• **Instructions to follow**: Please write out every line of the material, leaving out any picture.

* * *

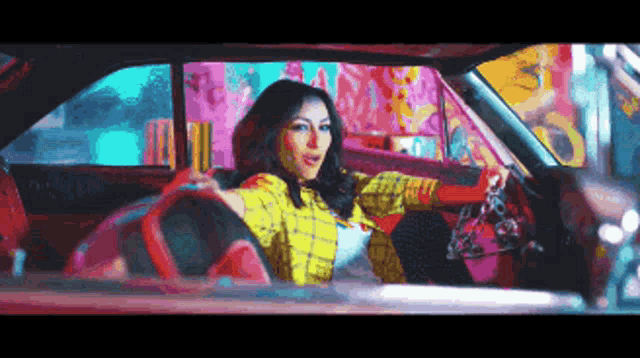 a woman in a plaid shirt is driving a car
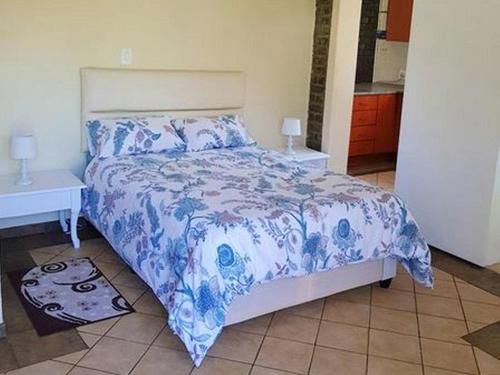 阿尔伯顿Garden Cottage的一间卧室配有一张带蓝色和白色棉被的床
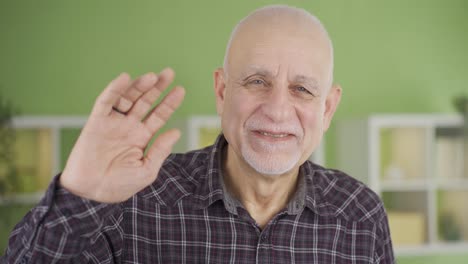 Sympathetic-old-man-smiling-looking-at-camera-and-waving,-saying-hello.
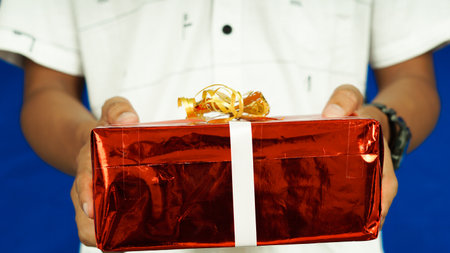 Christmass gift in red paper held hand white clothes isolated blue background, close upの写真素材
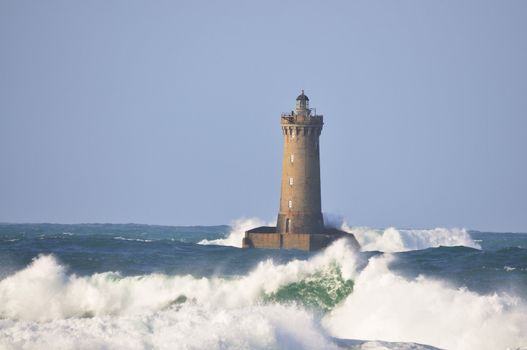 Lighthouse called "Le phare du four" in Tremazan in Brittany, France during storm in November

* * *

• **Task solution**:
 a woman in a plaid shirt is driving a car
 阿尔伯顿Garden Cottage的一间卧室配有一张带蓝色和白色棉被的床
 Sympathetic-old-man-smiling-looking-at-camera-and-waving,-saying-hello.
 Christmass gift in red paper held hand white clothes isolated blue background, close upの写真素材
 Lighthouse called "Le phare du four" in Tremazan in Brittany, France during storm in November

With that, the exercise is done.